Yep known about the Mormons for years, weird concept to forcibly baptise someone without their knowledge or consent.
The problem is the fact this technology and data hasn't been around that long, it takes time before people realise the ways it can be misused and exploited.
With the matching of DNA and biometrics mistakes can easily be made, as they don't tend to match on all the data just significant points, same as happens with fingerprints and shoe prints, it's not unknown to get false positive matches, and people have gone to jail on the strength of this.
You mean the place they're keeping the more sensitive data now is at Porton Down is that in Wiltshire? Ultra right wing conspiracy nuts might go so far as to suggest they're looking at using DNA targeting bioweapons for population control using the pretence of weeding out all genetic diseases...
ISS Corsham to Porton Down is thirty miles as the crow flies. [1] That's too far for a Sekrit MOD Tunnel under Salisbury Plain, and besides you aren't allowed to tunnel just anywhere, because of the 6,000 year old archaeology. Oh, crap.
[1] It is well known that crows follow great circle routes.[citation needed]
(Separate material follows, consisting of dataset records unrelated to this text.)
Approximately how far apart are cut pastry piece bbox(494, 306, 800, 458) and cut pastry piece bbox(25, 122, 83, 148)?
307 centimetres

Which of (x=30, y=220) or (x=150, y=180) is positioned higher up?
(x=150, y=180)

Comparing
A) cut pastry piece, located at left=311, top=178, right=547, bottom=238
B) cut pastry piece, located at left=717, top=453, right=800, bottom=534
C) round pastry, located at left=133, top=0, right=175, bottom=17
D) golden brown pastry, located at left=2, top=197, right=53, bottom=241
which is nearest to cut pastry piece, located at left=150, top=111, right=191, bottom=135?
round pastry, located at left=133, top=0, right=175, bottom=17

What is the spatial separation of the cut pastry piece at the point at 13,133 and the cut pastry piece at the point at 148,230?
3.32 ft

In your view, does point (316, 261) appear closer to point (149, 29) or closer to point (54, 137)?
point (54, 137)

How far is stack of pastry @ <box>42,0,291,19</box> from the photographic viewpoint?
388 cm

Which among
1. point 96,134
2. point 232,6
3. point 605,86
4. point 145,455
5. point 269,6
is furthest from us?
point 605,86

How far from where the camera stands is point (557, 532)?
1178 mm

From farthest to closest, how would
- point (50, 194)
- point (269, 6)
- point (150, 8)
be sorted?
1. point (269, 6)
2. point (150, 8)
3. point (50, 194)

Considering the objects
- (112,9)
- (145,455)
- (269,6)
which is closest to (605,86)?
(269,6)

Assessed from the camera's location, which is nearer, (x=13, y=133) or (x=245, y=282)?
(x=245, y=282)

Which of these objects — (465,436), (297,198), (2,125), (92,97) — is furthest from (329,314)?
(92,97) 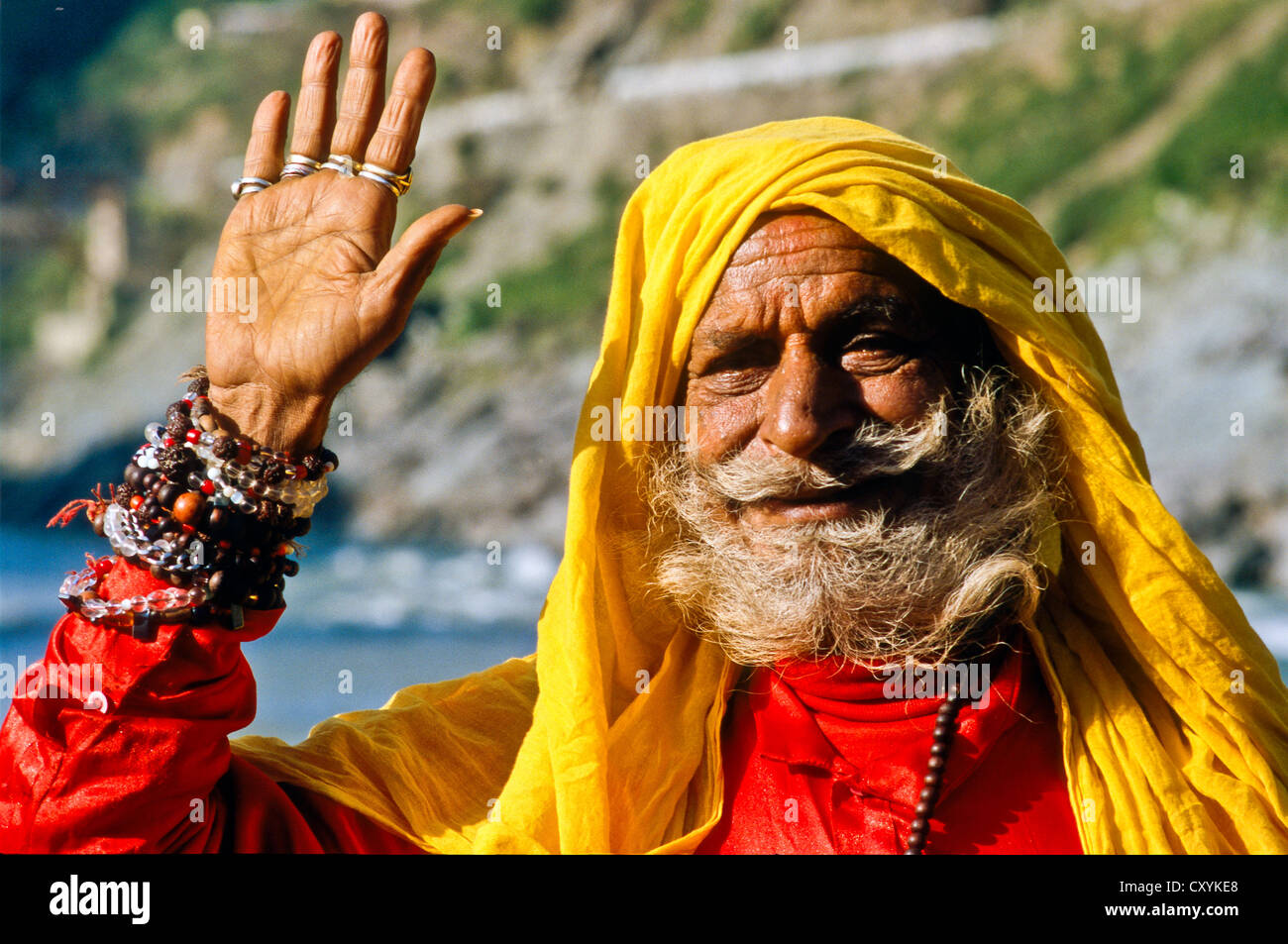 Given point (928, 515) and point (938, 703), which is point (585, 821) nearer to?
point (938, 703)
But in the last paragraph, they toss the gauntlet... The group's chief scientist added that it pays an outside company – which it did not identify – to conduct pentests, and so far it hasn't managed to get into its systems. "None of the well-known viral attacks have succeeded in causing any dysfunction in Genomics England," said Chisholm.
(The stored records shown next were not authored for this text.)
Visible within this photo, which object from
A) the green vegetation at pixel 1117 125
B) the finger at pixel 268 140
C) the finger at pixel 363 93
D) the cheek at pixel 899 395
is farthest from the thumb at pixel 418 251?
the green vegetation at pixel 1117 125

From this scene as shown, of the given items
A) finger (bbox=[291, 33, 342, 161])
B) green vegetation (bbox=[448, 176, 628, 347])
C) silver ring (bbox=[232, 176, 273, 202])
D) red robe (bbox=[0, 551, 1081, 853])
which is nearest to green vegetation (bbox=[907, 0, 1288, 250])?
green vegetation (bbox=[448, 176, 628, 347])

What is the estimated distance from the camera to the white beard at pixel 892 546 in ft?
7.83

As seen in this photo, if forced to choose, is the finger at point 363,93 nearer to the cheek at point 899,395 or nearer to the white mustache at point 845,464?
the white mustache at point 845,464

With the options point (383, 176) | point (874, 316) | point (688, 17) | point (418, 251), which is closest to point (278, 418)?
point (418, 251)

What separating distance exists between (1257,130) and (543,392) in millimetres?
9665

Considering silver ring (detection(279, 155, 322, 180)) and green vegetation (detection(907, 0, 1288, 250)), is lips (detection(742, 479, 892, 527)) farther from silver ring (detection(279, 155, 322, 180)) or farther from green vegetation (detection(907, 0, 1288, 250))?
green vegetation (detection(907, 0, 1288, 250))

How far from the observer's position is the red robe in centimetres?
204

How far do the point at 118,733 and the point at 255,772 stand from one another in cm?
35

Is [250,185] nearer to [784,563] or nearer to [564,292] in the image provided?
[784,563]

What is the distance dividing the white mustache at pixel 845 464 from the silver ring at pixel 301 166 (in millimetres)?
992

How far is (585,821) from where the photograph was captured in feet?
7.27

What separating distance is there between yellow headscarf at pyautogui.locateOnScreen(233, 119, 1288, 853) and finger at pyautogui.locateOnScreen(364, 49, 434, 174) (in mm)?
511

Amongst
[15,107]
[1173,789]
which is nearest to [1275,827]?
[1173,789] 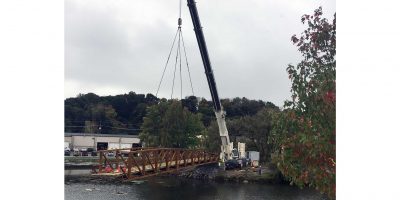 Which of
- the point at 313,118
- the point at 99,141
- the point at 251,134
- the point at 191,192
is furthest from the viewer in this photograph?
the point at 99,141

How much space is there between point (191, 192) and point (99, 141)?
3121 cm

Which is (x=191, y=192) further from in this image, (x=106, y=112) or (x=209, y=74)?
(x=106, y=112)

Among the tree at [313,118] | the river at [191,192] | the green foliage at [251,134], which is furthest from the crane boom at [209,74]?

Sounds almost like a challenge for someone who might seek notoriety or to make a name for themselves in Pen Testing.
Is anonymity the real issue here?
Fully-anonymised data on this scale must have considerable commercial value to pharma research interested in such things as the prevalence of genetic patterns. If it's explicitly in the public domain, that's fine. If not, then industrial espionage becomes an obvious issue.
IP companies specialising in patents could be a prime suspect here.